Rotating Keys
transmute has no in-place rotate operation — rotation is create-new, deploy, revoke-old. The honest procedure, including what happens on revocation.
How rotation works here
There is deliberately no "rotate" button that swaps a key's secret in place. A transmute key is immutable from creation to revocation; rotation is a three-step overlap:
- Create a new key in the portal with the same environment and scopes (you have 20 slots, so an overlap never requires deleting first).
- Deploy the new key to your systems and confirm traffic flows (watch for
401s dropping to zero on the old key). - Revoke the old key in the portal.

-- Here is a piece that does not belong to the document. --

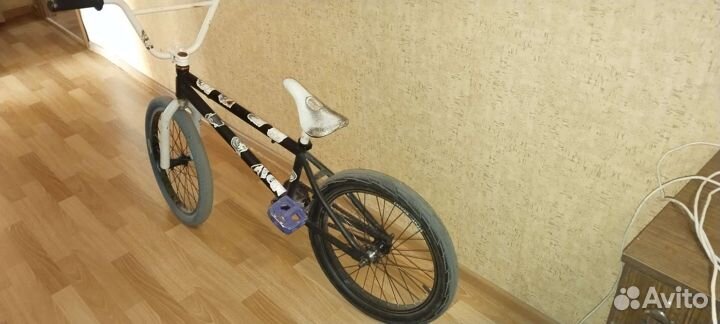 Трюковой велосипед bmx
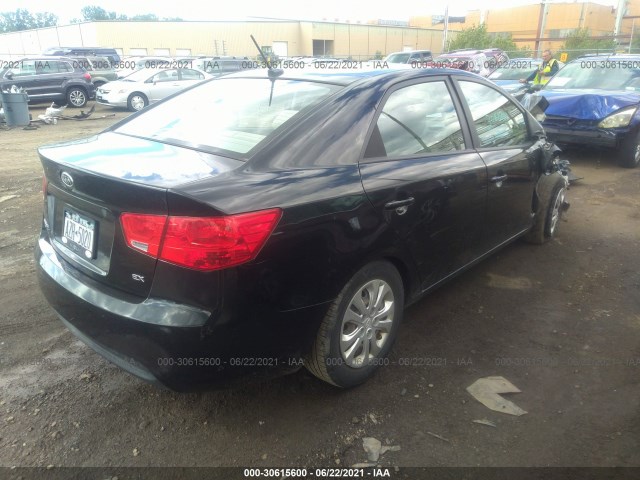 Photo 3 VIN: KNAFU4A26D5720172 - KIA FORTE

Revocation is immediate — there is no grace period. The next request with a revoked key gets a uniform unauthorized 401. This is why the order above matters: revoke last, after the new key is verified in production.
If a key has leaked
Skip the overlap. Revoke the leaked key immediately, accept the brief outage, then create and deploy a replacement. An exposed key that can convert your payment traffic is worse than a few minutes of 401s.
Making rotations painless
- Name keys by system and generation:
worker-prod-2026a,worker-prod-2026b. The portal list then tells you at a glance which key is current. - One key per system. Rotating a shared key forces you to redeploy everything at once.
- Load the key from your secret manager at startup rather than baking it into images — then rotation is a secret update plus a restart, not a rebuild.

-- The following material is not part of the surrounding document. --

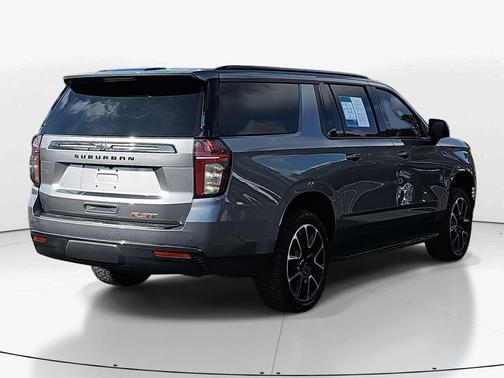 2022 Chevrolet Suburban RST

- Schedule it. Nothing in transmute forces rotation (portal keys never expire), so put it on your own calendar — quarterly is a common cadence for payment infrastructure.
OAuth alternative
If your security posture requires short-lived credentials as a rule, use OAuth client credentials instead of long-lived keys: tokens expire after 15 minutes, and revoking the client stops new tokens immediately (outstanding tokens live out their ≤15-minute lifetime).